> Assignment
Find the line that contains "Pathway In The Brooklyn Botanic Garden, 1944" in the entries below. Restate it and every line after it, word for word, with no pictures.

> Exercise inputs
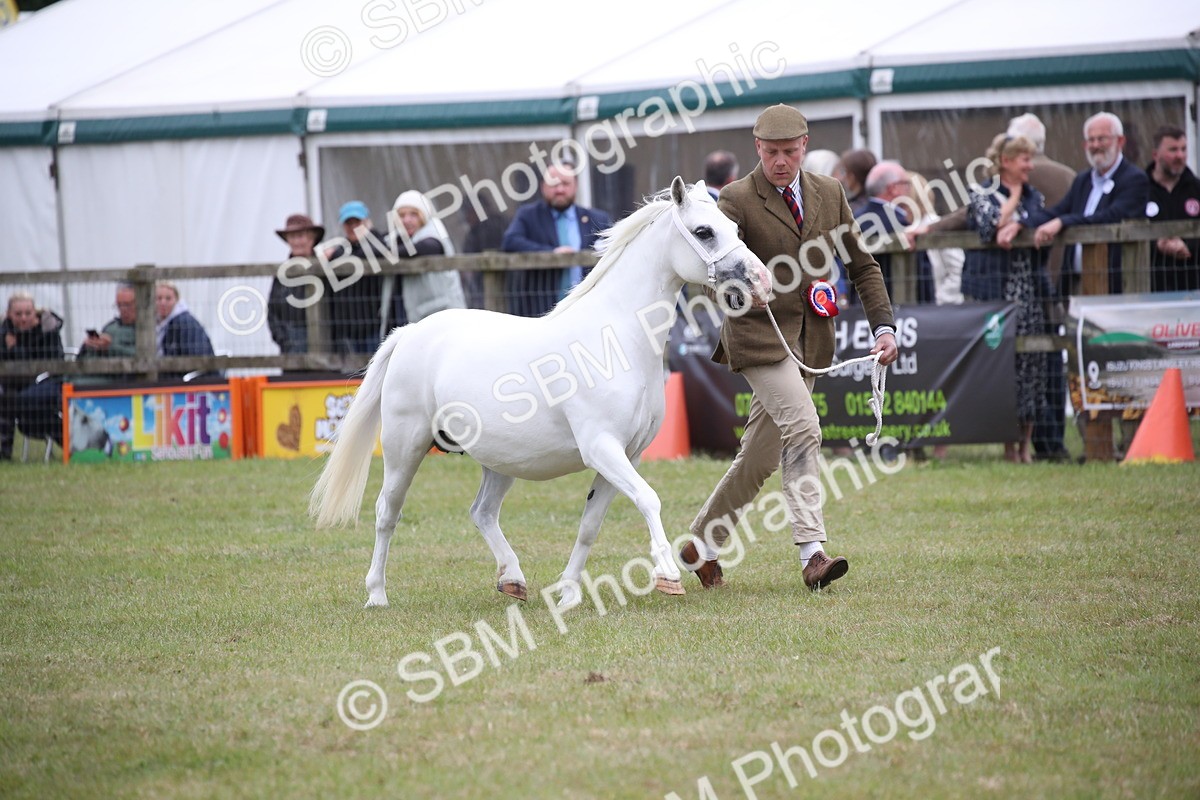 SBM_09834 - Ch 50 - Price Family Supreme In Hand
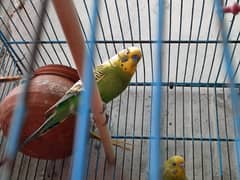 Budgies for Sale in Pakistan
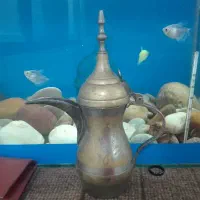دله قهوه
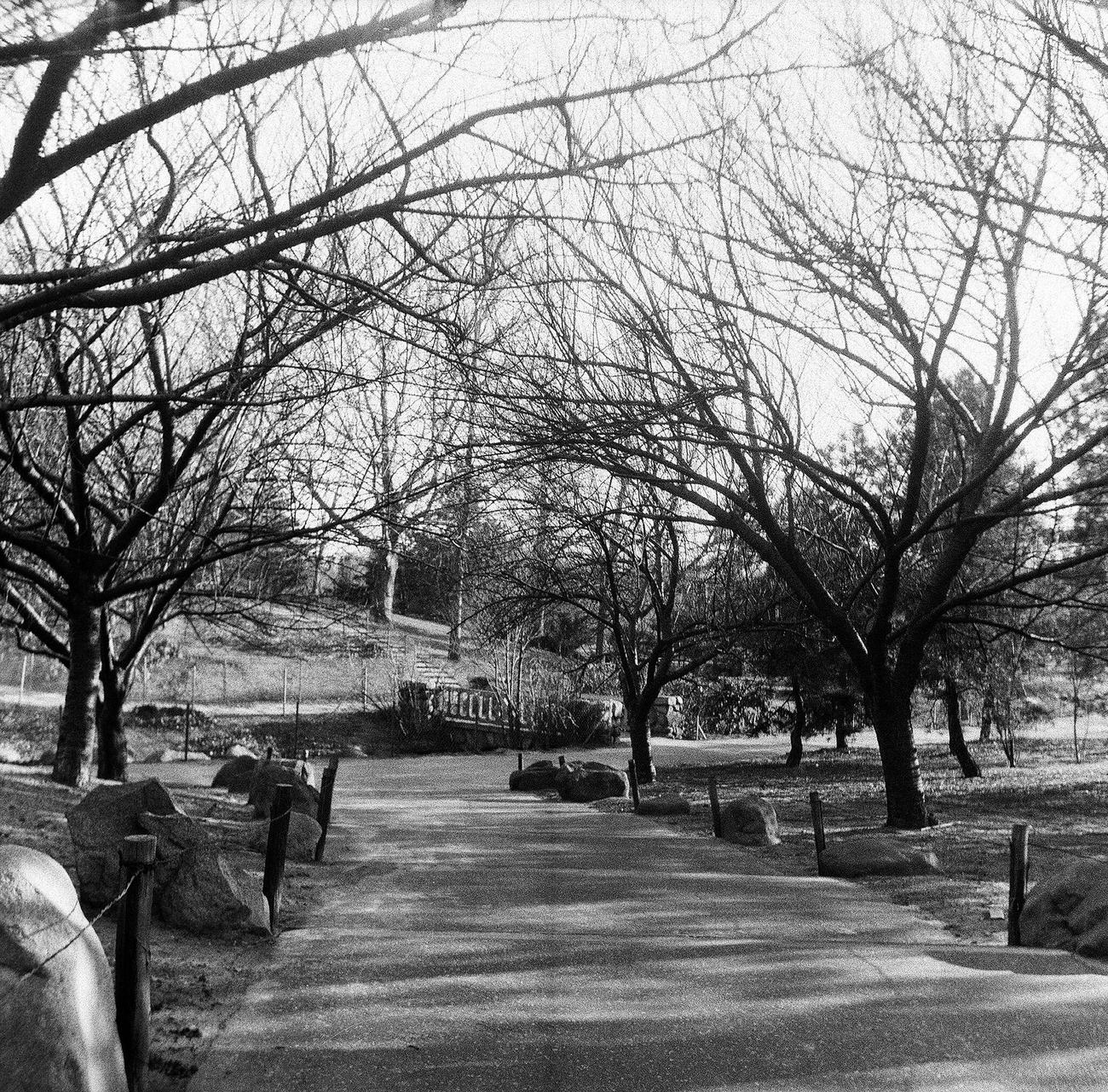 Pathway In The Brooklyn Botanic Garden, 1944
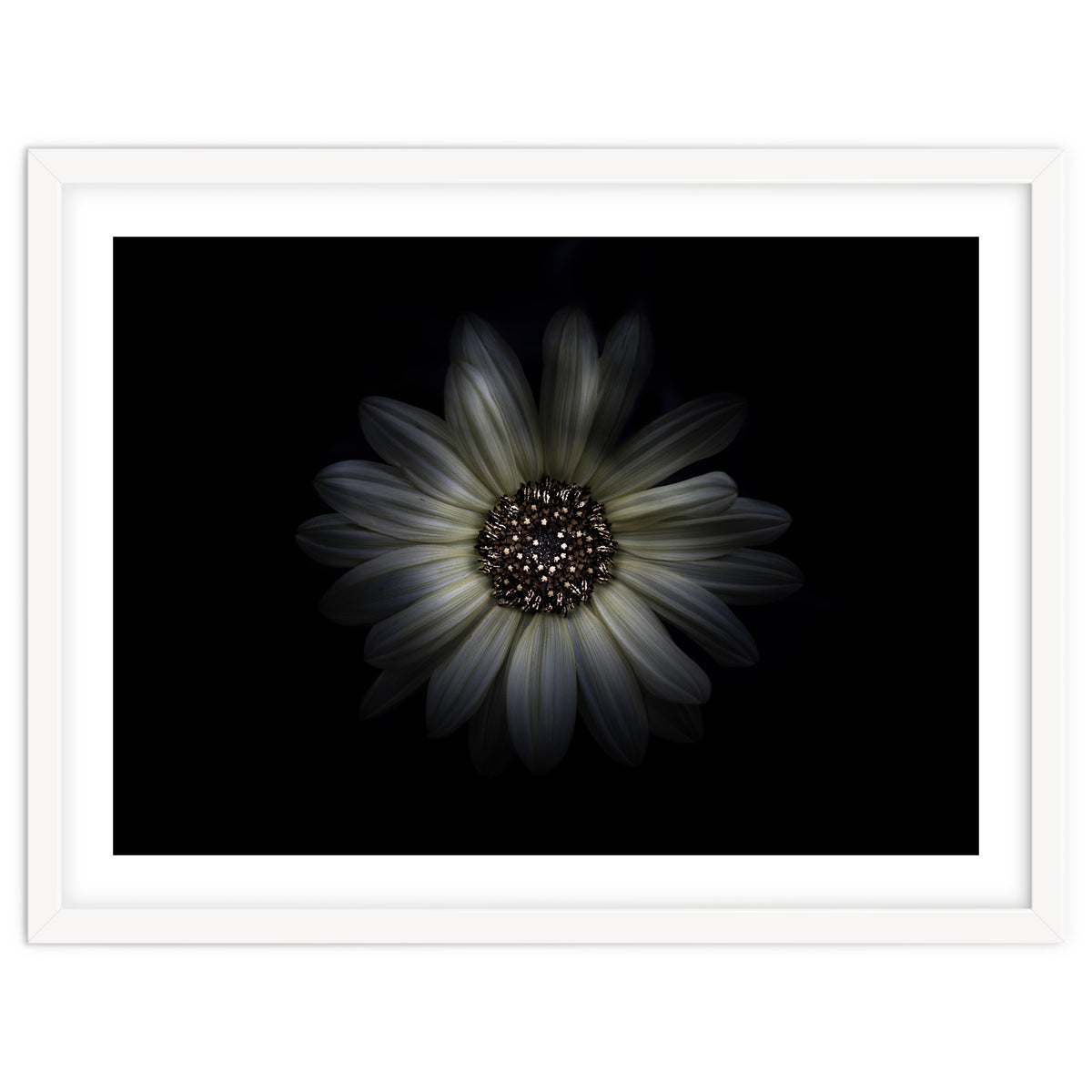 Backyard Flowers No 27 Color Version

> Output below
 Pathway In The Brooklyn Botanic Garden, 1944
 Backyard Flowers No 27 Color Version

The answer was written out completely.